Fame and the minute calculation thereof is a problem that magazine editors have always wrestled with, particularly when it comes to choosing suitable subjects for covers. Here it’s important to remember that fame is not the same thing as popularity, nor should it be confused with the transitory quality of heat. In fact, if I could have back all the hours and days I spent sitting in meeting rooms trying to decide whether pop star A was less or more famous than movie star B and TV presenter C, I would have had time to teach myself a few of the more difficult languages. Whoever they were, Leonard Nimoy was more famous than all of them.

The paradox of digital

Reading The Week via its app, I note their review of the Peter Pomerantsev book about adventures in modern Russia and decided to make a note to buy it later. Instinctively, I reach to put it on my reading list, make a book mark or use one of the other convenient tricks that the internet provides to lay down a marker to which to return. Since I'm reading it on an app, I can't do this. It no doubt pleases the publisher that I'm within his architecture, having bought the app, but it frustrates me because I'm used to being able to seamlessly move from one environment to another.

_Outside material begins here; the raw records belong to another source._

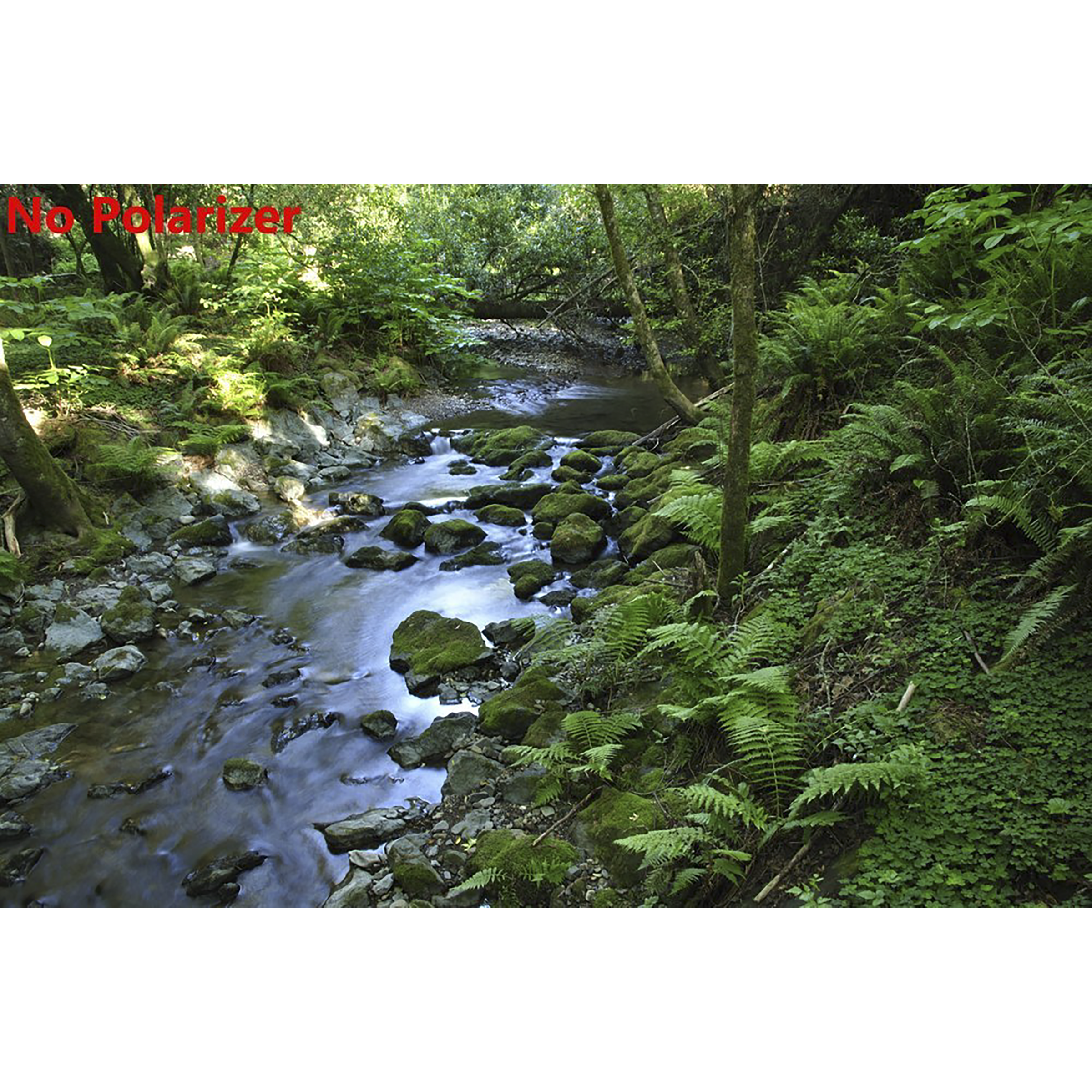 Manfrotto Essential 62mm Camera Lens CPL Filter (Multiple Layer Coating) Manfrotto Essential 62mm Camera Lens CPL Filter (Multiple Layer Coating)_6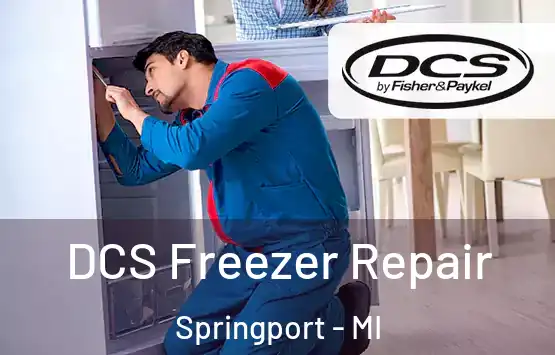  DCS Freezer Repair Springport - MI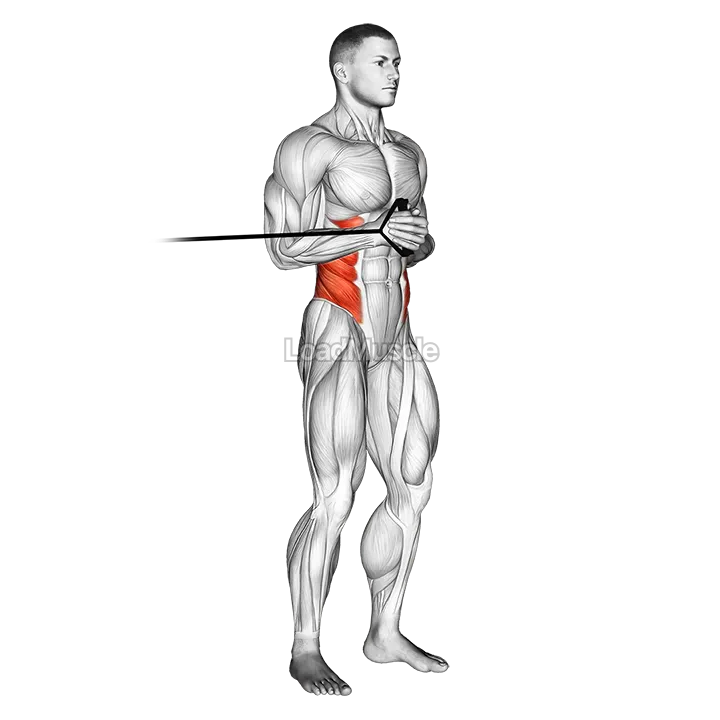 Band horizontal Pallof Press demonstration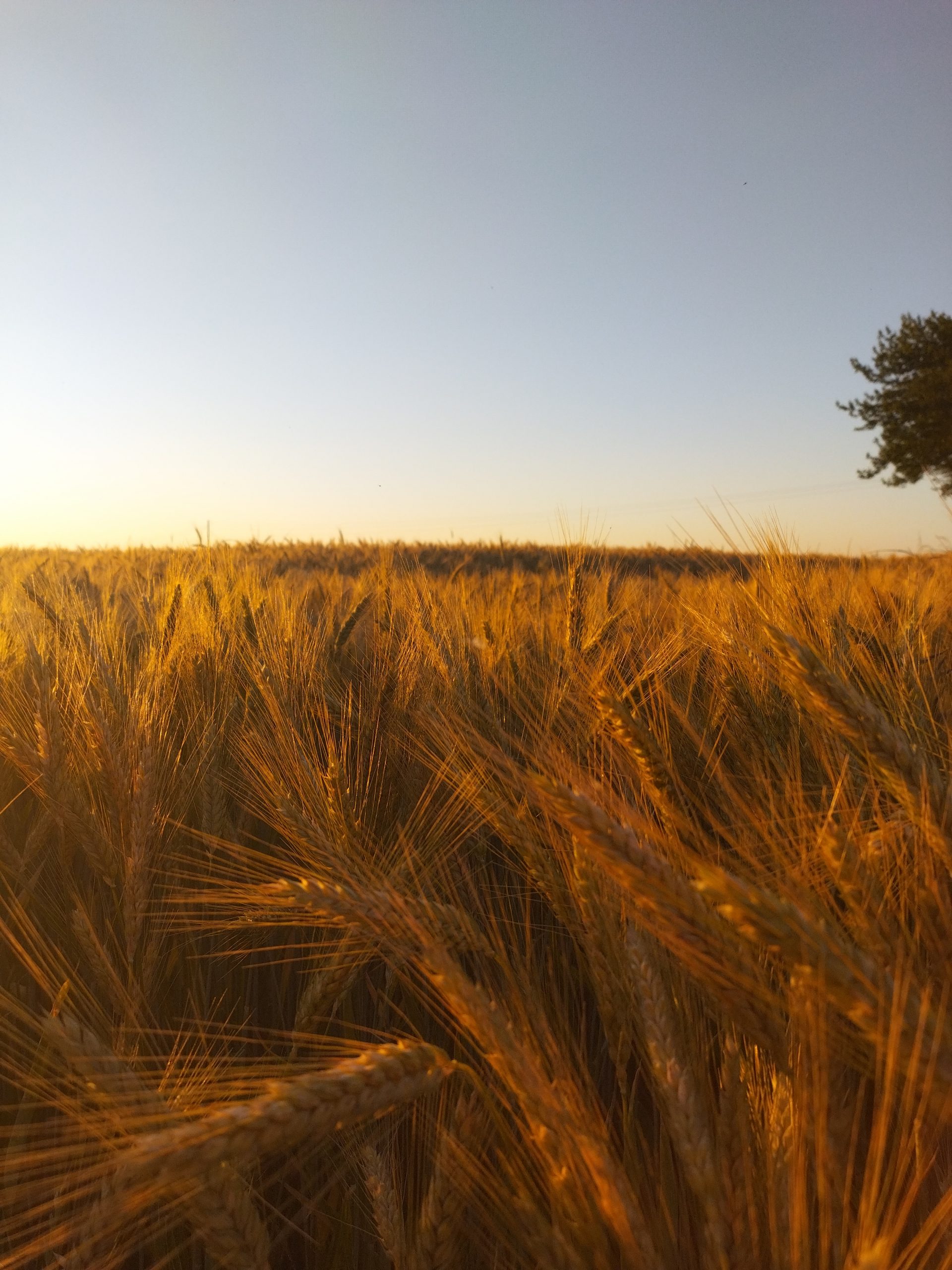 Blés au soleil couchant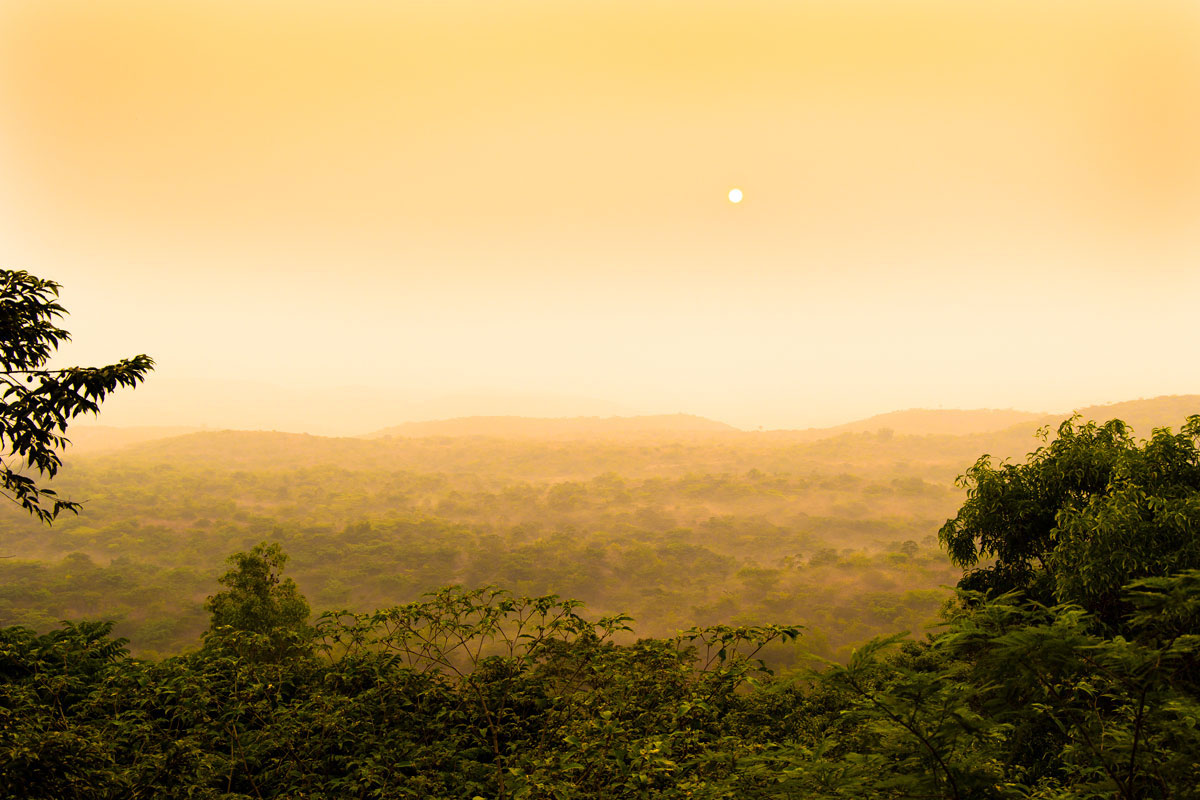  ‘Er is meer dan één dollar per Congolees nodig om het Centraal-Afrikaanse woud in stand te houden’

This illustrates the great paradox of digital communication. As soon as something is working in the producer's interest, it's no longer working in the consumer's interest. If you make something efficient enough for you to make money out of, you’re on the point of making it too broad for me to get satisfaction out of it. The traditional role of a publisher or editor was to herd large groups of people in the direction of a shared interest, much like those shepherds of yore used to do on the popular television programme One Man And His Dog. The great joy of the internet is in leaping over the fence into the field next door where, as every sheep knows, the grass is always greener.

How you could have won a PPA award

It’s that time of the year again, when your agonisingly considered and carefully laminated entries to the PPA Awards have left the office and disappeared into the mysterious process out of which winners are selected. It’s too late to do anything about it for this year but this could be useful advice for next. Having been on the judging panel for editorial awards more times than I care to recall, I'm at least qualified to tell you what sort of entries never get my vote.

Don’t gush. You may think the supporting statement accompanying your submission makes you stand out from the rest of the crowd by the way it builds up your story to make it clear that you are head and shoulders above everybody else in your competitive set. But what you probably don't realise is that everybody else in your competitive set is saying precisely the same thing and what’s more, they’re probably using precisely the same clichés to say it.

If yours is the fourth submission that babbles on about how you "live and breathe the magazine" and "really know and understand the readers" and are clearly “an inspiring leader of a very committed team" and how your timely arrival as editor was a long overdue shot in the arm for what was a title that otherwise was clearly destined for the knackers yard, then you must excuse the judges if they roll their eyes and think “not you as well".

Keep it short, keep it sharp and, above all, don't be luvvie about it. That's my advice.